Please copy out the full listing that follows exactly; no picture belongs in the copy.
#### Source material ####
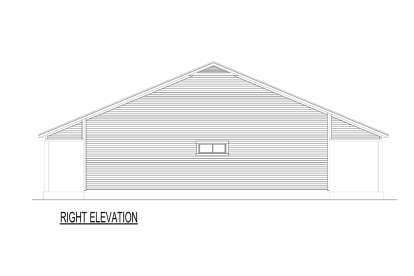 Country House Plan #9300-00046 Elevation Photo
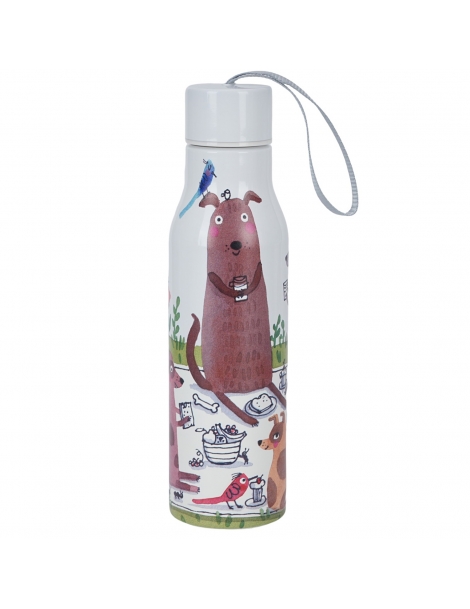 Bottiglia Termica Picnic tra Cani, 500ml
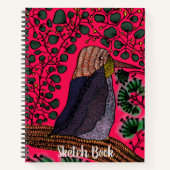 Boek van de vogelschets (Voorkant)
####
Answer space ▸
 Country House Plan #9300-00046 Elevation Photo
 Bottiglia Termica Picnic tra Cani, 500ml
 Boek van de vogelschets (Voorkant)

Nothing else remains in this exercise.